Gov. Nathan Deal, Lt. Gov. Casey Cagle and Attorney General Sam Olens have all employed John McLaughlin of McLaughlin & Associates, whose work came under fire after Cantor’s loss to little-known professor David Brat.

State operatives wouldn’t comment on a vendor, but several pointed to a recent poll by McLaughlin ahead of the May 20 primary that accurately showed Rep. Jack Kingston edging out Karen Handel for the second spot in the GOP Senate runoff.
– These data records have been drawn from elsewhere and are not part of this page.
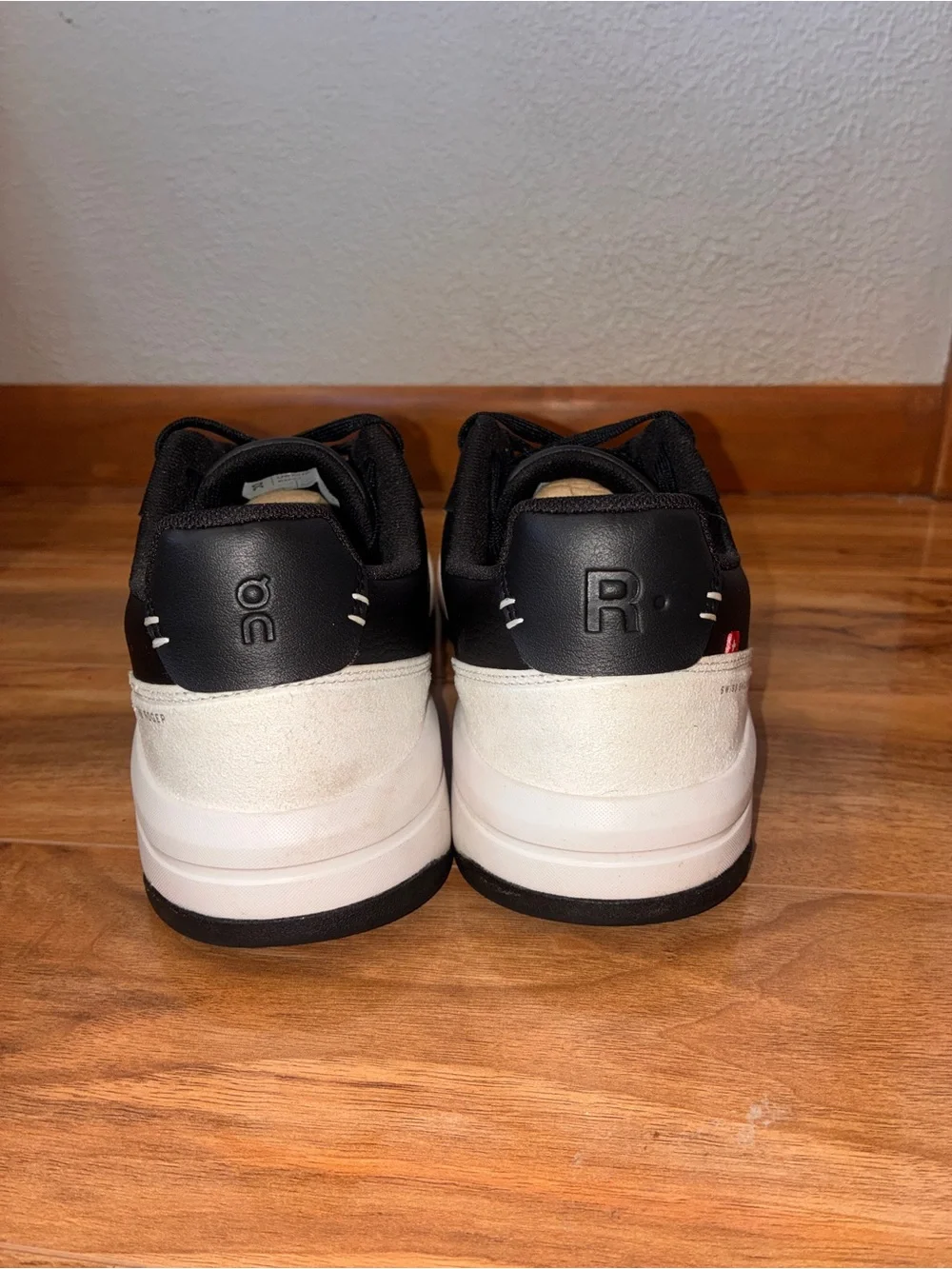 On Cloud Men’s The Roger Clubhouse Athletic Sneaker Shoes, white/black - size 12
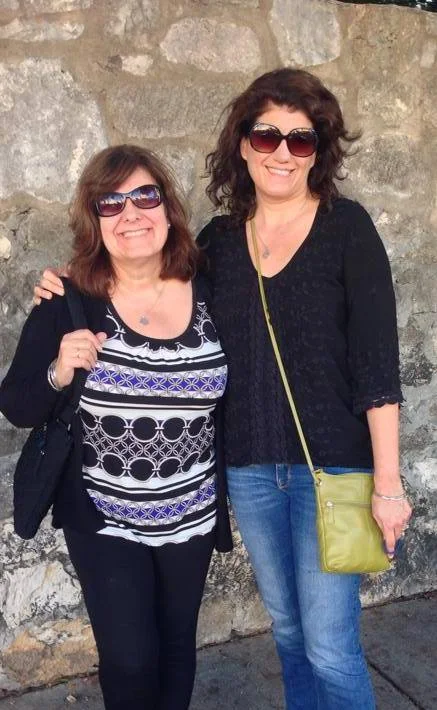 L: Laurie R: Laura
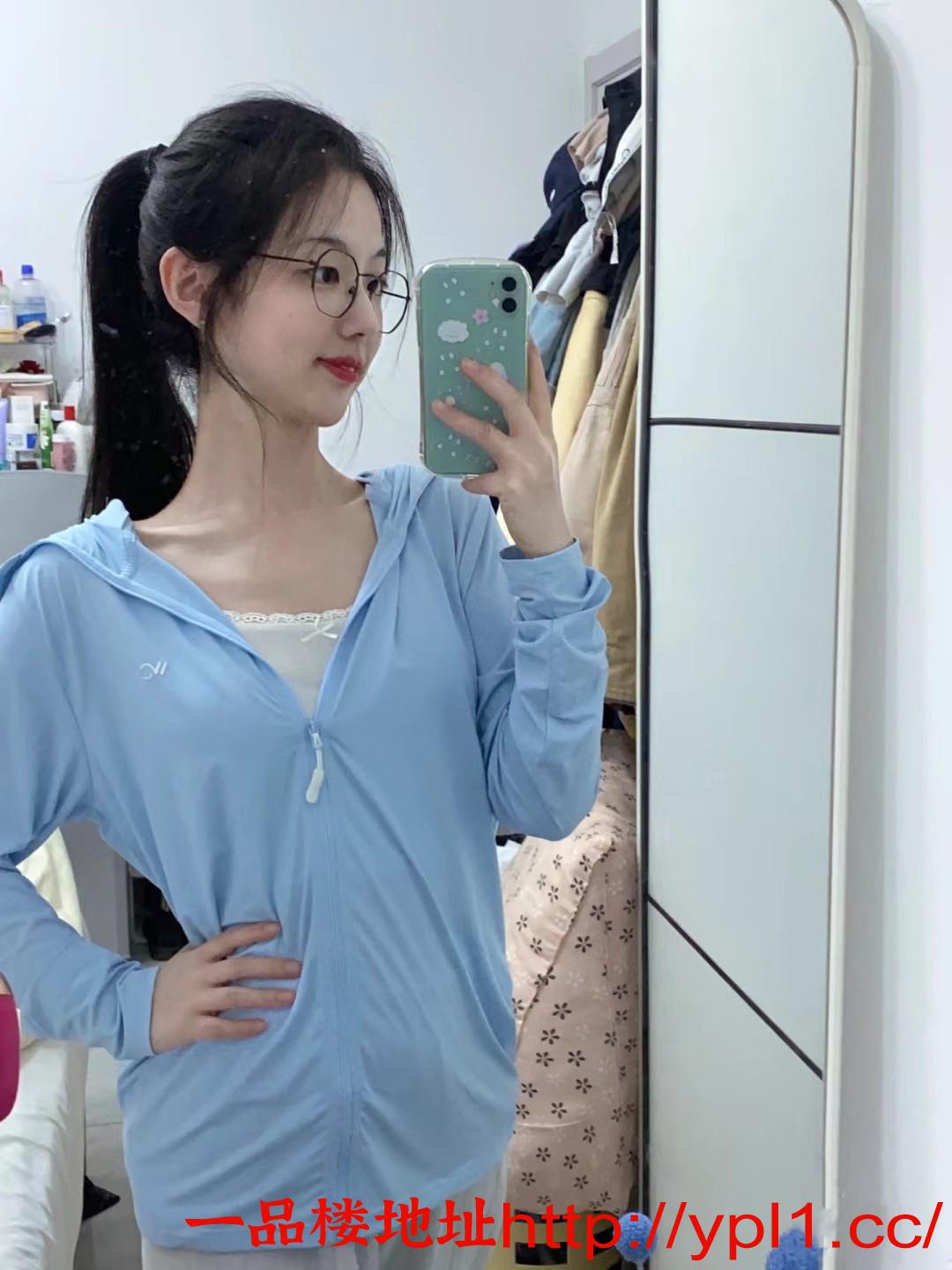 妹妹床上功强，性感粉嫩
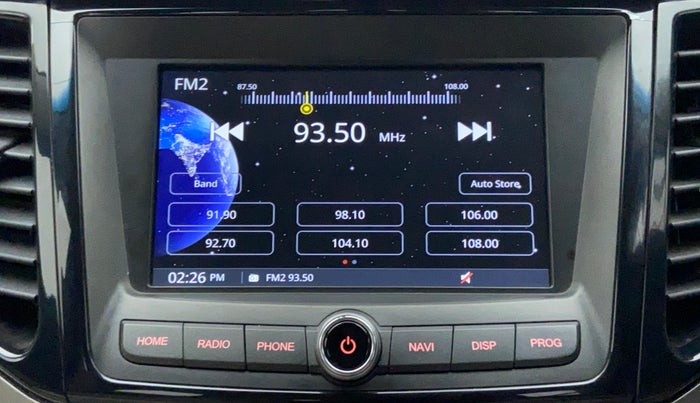 2021 Mahindra XUV300 1.2 W8 OPT, Petrol, Manual, 35,130 km, Infotainment System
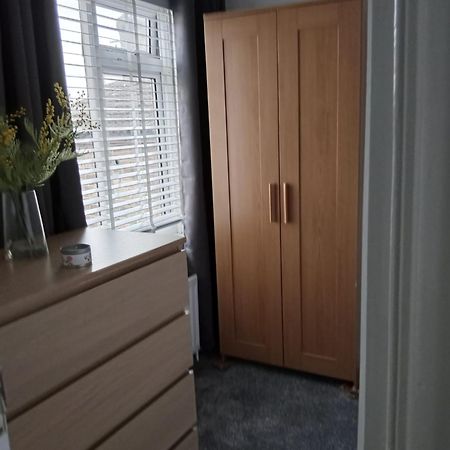 Crown Road Apartment Ситтингбурн Экстерьер фото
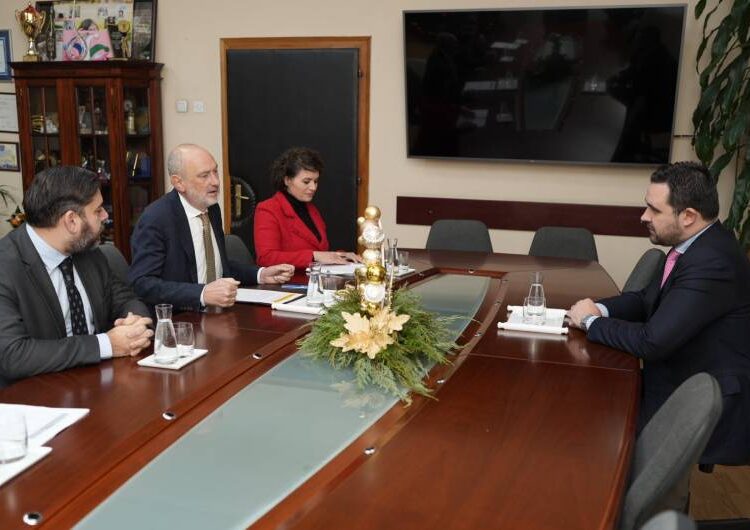 Амбасадорот на Делегацијата на ЕУ во Македонија Дејвид Гир во посета на Струмица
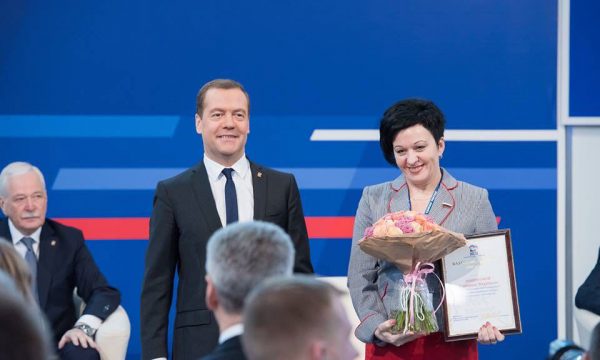 Брянского депутата Государственной думы Миронову наградил руководитель партии Медведев
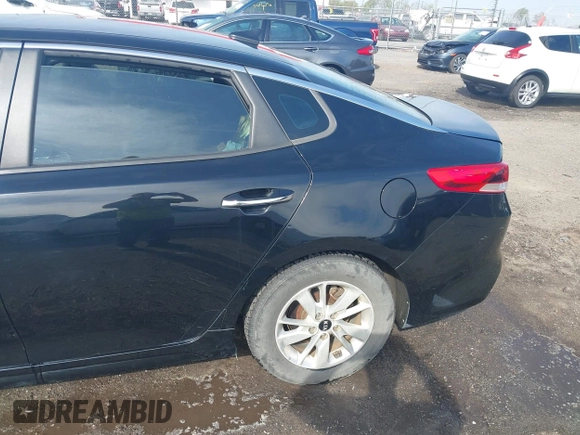 2016 Kia Optima LX with VIN 5XXGT4L35GG039310, listed as a IAAI auction lot 41910960 with 91,662 mi miles. Bid and sale history available at carsss.com. Image 18.
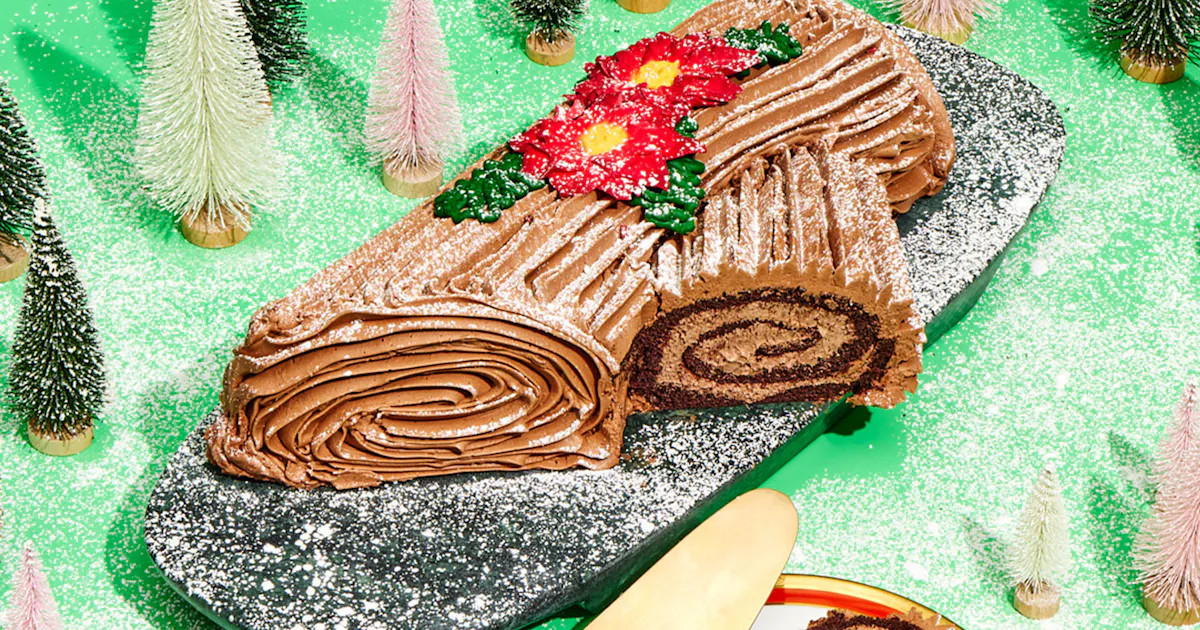 Christmas Yule Log Cake by Blue Owl Bakery | Goldbelly | Goldbelly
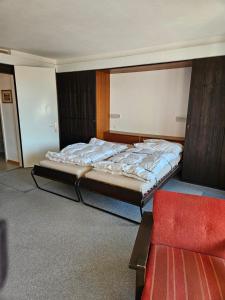Postel nebo postele na pokoji v ubytování Ferienwohnungen Chesa Clois 24 + 37 fotografií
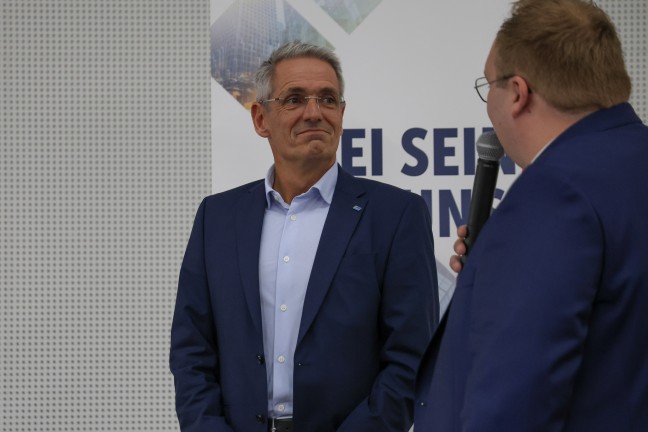 Betriebsbesichtigung bei Felbermayr: Groes Interesse an groem und bekanntem Welser Unternehmen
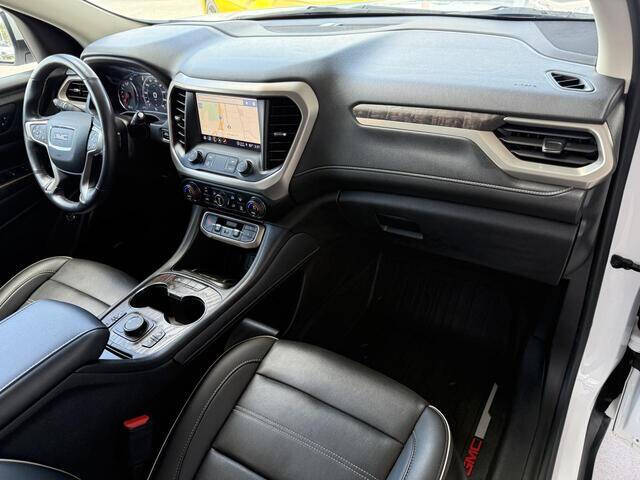 2022 GMC Acadia Denali
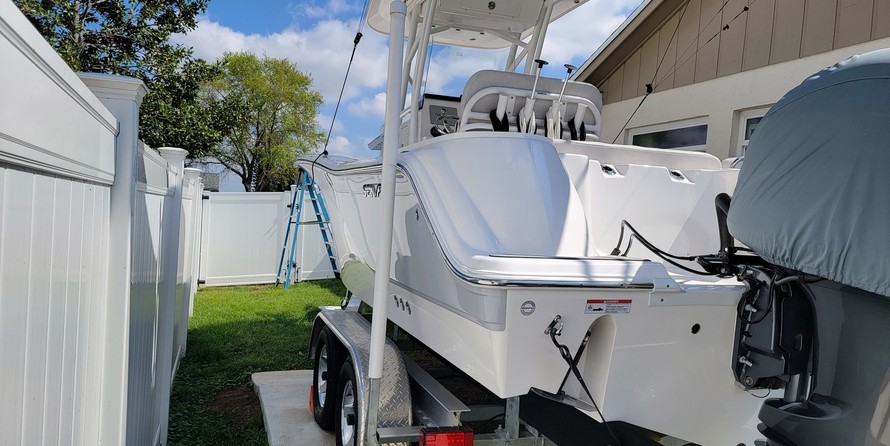 228 Sea Fox Commander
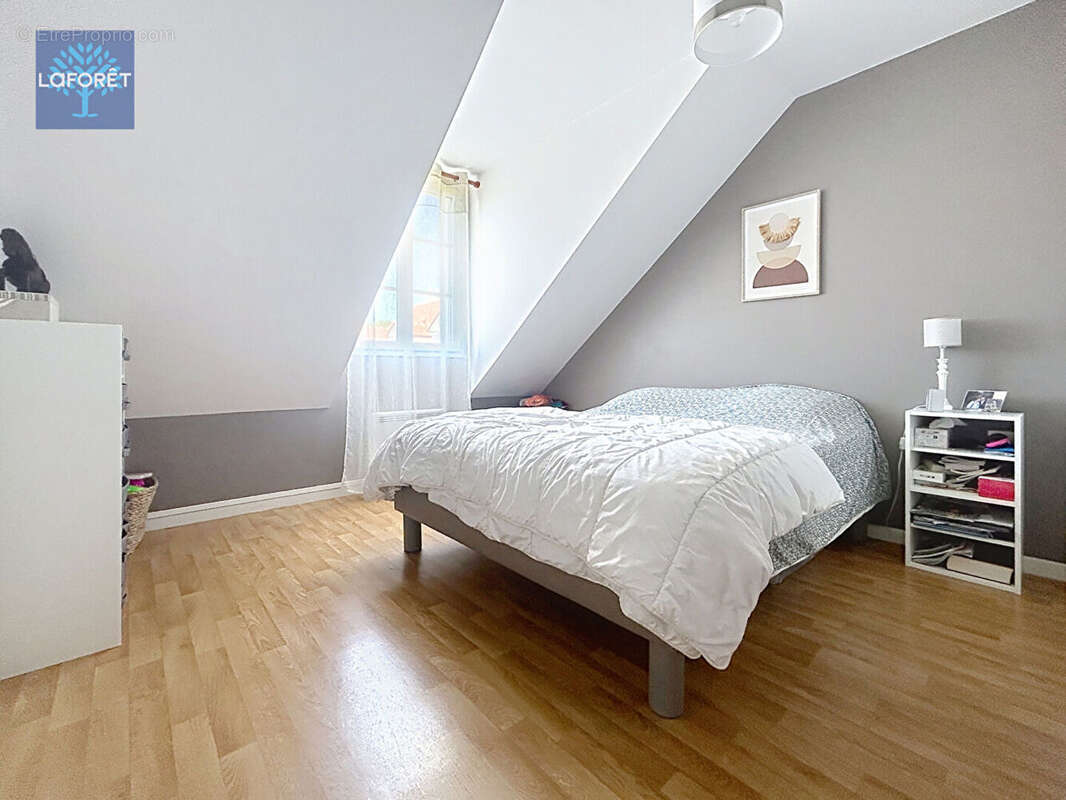 Appartement à BAILLY-ROMAINVILLIERS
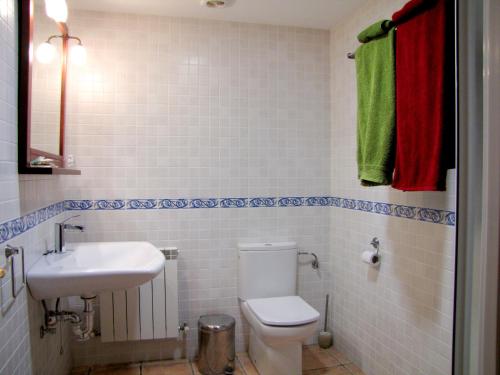 Koupelna v ubytování Casa Rural Urandi I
Kingston’s spokesman said he remained “confident” in the firm.

“Our internal numbers were spot on,” Spokesman Chris Crawford said in an email, “in the face of public polls even up to the day before the primary, which showed us in third.”

Kingston’s opponent, former Dollar General CEO David Perdue, took the occasion to point out a McLaughlin poll which was conducted three weeks before the primary. That poll predicted Kingston would lead the pack with 20 percent of the vote, instead of finishing second to Perdue.

McLaughlin, for his part, told reporters that Democrats were partly to blame for the higher turnout that led to Cantor’s surprising defeat. He said an open letter from former Georgia Rep. Ben “Cooter” Jones, a Democrat who now lives in Virginia, helped drive crossover voters to the polls.

Jones – who served a suburban Atlanta district in the U.S. House for two terms ending in 1993 – ran against Cantor and lost a decade ago. He took a small amount of credit for Brat’s win, but the 12 percentage point triumph could not be entirely blamed on crossover votes.

“People were just sick and tired of Cantor and … they brought the boy home,” Jones said Wednesday. “I had a little part in it, that’s what his pollster says anyway. They would rather blame it on a Democrat than blame it on a Republican.”

Jones said he was getting all sorts of kudos from Democrats and tea party types alike, and was enjoying it well.

“There ain’t no freude like schadenfreude,” he said, referring to the German word meaning “joy in others’ pain.”